Breaking my own rule

As a general guide in life I prefer not to discuss politics or religion with people I don’t know or people I know it will only lead to an argument with. This works well for me.

That has changed some since becoming the mom to a Turner’s Syndrome princess. Things happen and I can’t keep quiet about it for the sake of my daughter. The Kid is on growth hormone therapy (GH) and she has been for several years. Her cardiologist said it was time. Her heart was growing but her body wasn’t. She hadn’t grown more than a centimeter in 2 years. This is common with Turner’s Syndrome. GH therapy is a daily subcutaneous injection given at bedtime.
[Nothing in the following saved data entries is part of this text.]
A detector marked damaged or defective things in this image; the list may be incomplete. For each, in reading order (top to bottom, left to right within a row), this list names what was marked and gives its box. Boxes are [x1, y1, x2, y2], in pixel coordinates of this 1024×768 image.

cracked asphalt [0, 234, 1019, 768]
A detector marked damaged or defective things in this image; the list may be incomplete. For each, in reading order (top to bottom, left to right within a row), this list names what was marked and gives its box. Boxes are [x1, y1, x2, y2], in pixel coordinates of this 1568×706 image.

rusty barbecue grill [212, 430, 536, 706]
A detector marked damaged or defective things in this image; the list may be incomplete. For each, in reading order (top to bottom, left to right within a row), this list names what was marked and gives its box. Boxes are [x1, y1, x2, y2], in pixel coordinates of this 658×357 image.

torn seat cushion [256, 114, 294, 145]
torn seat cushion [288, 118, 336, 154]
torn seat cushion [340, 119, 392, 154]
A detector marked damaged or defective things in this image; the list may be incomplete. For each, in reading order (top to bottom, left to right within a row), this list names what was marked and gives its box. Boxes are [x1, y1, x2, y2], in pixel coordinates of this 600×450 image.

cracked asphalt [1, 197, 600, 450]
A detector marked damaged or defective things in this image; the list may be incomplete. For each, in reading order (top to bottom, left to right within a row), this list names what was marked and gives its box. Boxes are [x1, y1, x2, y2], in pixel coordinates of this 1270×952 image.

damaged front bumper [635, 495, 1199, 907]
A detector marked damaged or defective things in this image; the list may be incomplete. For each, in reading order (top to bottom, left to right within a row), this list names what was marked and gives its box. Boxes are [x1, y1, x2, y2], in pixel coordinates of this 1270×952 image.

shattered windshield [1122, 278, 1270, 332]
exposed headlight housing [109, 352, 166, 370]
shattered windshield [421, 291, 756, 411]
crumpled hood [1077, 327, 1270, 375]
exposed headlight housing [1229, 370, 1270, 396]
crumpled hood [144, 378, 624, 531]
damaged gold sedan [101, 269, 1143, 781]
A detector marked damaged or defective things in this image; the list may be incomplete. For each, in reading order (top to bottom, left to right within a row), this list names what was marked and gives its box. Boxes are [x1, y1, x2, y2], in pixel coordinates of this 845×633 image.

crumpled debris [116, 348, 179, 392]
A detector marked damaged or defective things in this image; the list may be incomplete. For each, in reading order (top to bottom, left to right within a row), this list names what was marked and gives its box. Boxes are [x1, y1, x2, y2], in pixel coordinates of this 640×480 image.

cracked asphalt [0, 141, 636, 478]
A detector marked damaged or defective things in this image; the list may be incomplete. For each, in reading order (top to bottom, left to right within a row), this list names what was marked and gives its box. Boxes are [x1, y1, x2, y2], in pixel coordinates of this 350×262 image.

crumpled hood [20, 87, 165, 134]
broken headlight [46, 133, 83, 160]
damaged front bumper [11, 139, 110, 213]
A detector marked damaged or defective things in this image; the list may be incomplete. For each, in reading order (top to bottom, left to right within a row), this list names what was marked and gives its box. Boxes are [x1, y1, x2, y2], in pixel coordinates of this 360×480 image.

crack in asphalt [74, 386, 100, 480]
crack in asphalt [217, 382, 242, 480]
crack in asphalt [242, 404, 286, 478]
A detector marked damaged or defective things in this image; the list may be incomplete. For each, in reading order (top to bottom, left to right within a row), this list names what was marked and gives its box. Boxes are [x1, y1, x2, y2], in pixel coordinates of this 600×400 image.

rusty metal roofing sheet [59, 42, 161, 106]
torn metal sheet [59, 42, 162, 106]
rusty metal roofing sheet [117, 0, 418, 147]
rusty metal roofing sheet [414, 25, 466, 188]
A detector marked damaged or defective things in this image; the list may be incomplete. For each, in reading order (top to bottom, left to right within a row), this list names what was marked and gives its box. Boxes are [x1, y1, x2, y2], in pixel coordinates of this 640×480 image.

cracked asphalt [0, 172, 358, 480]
When the Kid started GH, the Affordable Care Act was starting to be implemented. So the kid was able to get decent health coverage and a secondary insurance. Turner’s is generally considered a pre-existing condition. Let me get back to the point. When the Kid started GH, she was able to get the pen. It was a very simple procedure. Attach the pen needle, dial the dose, and inject. Easy to travel with as well.

Growth Hormone Therapy in a pen form.

Suddenly, at the end of January, it all changed. We have had to go back to the “old fashioned way” of mixing vials and injections with syringe. Every 5 days I have to mix a new vial to use. Insurance and coverage has continued to change for the Kid since the end of January. I am not a happy momma and the Kid is not happy with the new injection syringe.

Growth Hormone Therapy in the mix it yourself vials.